**YOUR TASK**. What I need is an exact repeat of the lines from the one with "Hyundai Grandeur IG id 4459567 из Кореи 13" through the end of the listing below. Leave out every picture.

**SUPPLIED MATERIAL**.
▶
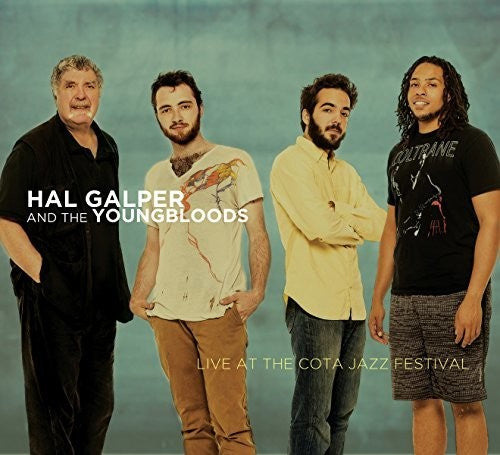Hal Galper, & The Youngbloods Live at the Cota Jazz Festival - CD Album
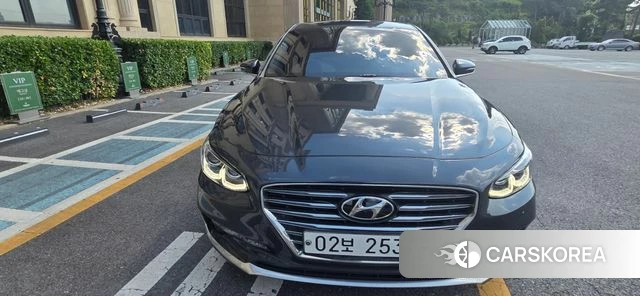 Hyundai Grandeur IG id 4459567 из Кореи 13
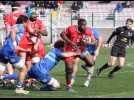 Rugby : la réaction du capitaine de Beauvais, Cheikhou Danfakha, après la victoire contre Floirac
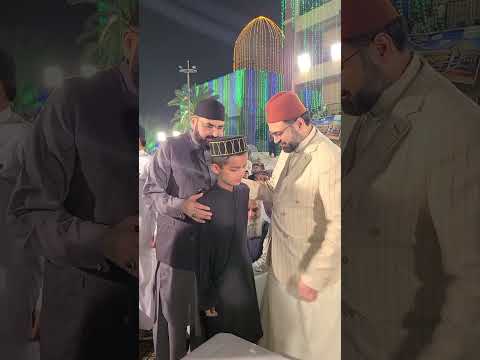 Soulful moments as CSC, MQI, Dr. Hassan Qadri joins the night gathering at Itikaf City 2025.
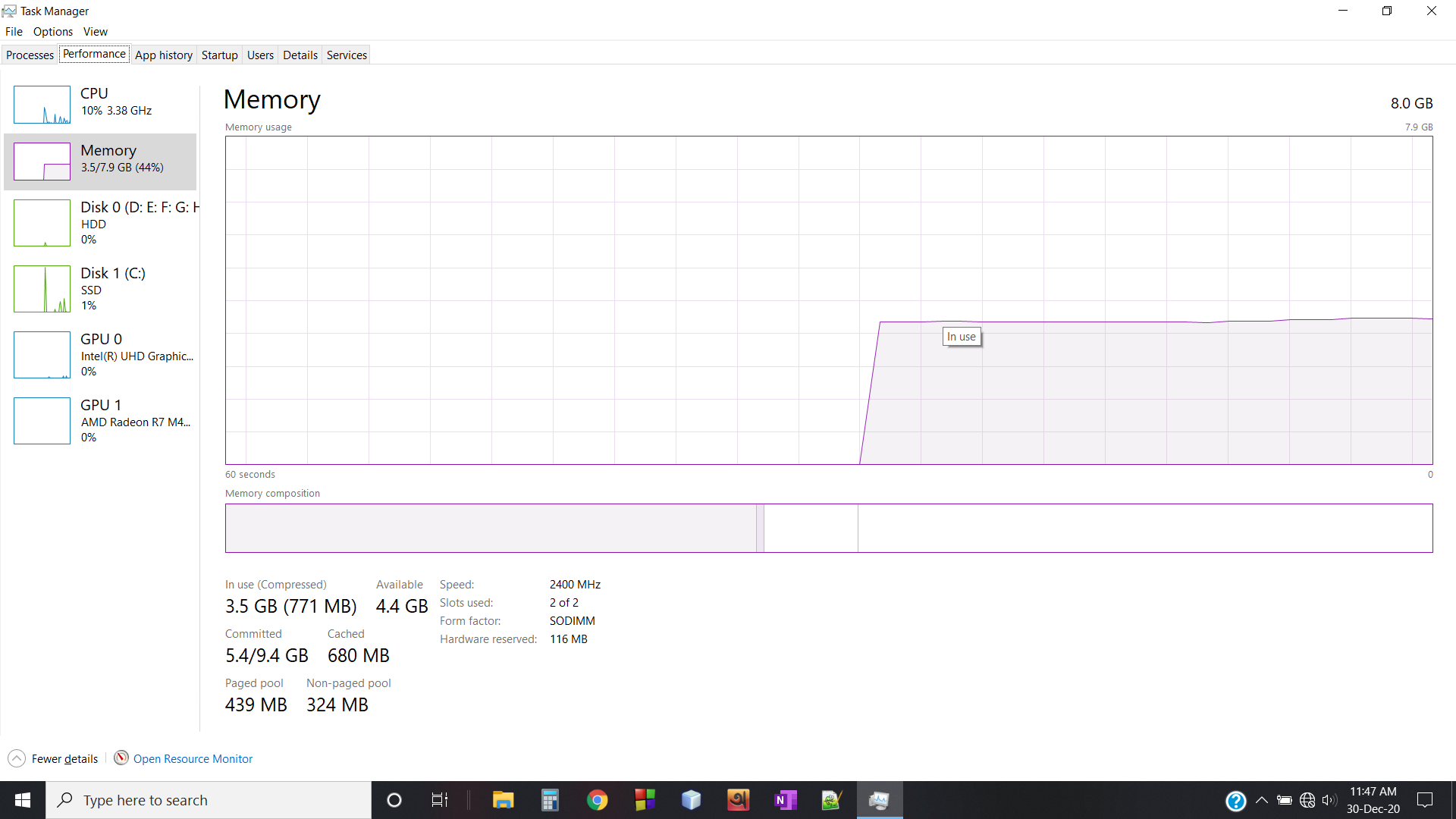 Excess RAM is used when no task is running 85ba5aa3-3b8a-45de-b1ef-d5750047b7d4?upload=true.png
◀
**OUTPUT FOR THIS TASK**.
 Hyundai Grandeur IG id 4459567 из Кореи 13
 Rugby : la réaction du capitaine de Beauvais, Cheikhou Danfakha, après la victoire contre Floirac
 Soulful moments as CSC, MQI, Dr. Hassan Qadri joins the night gathering at Itikaf City 2025.
 Excess RAM is used when no task is running 85ba5aa3-3b8a-45de-b1ef-d5750047b7d4?upload=true.png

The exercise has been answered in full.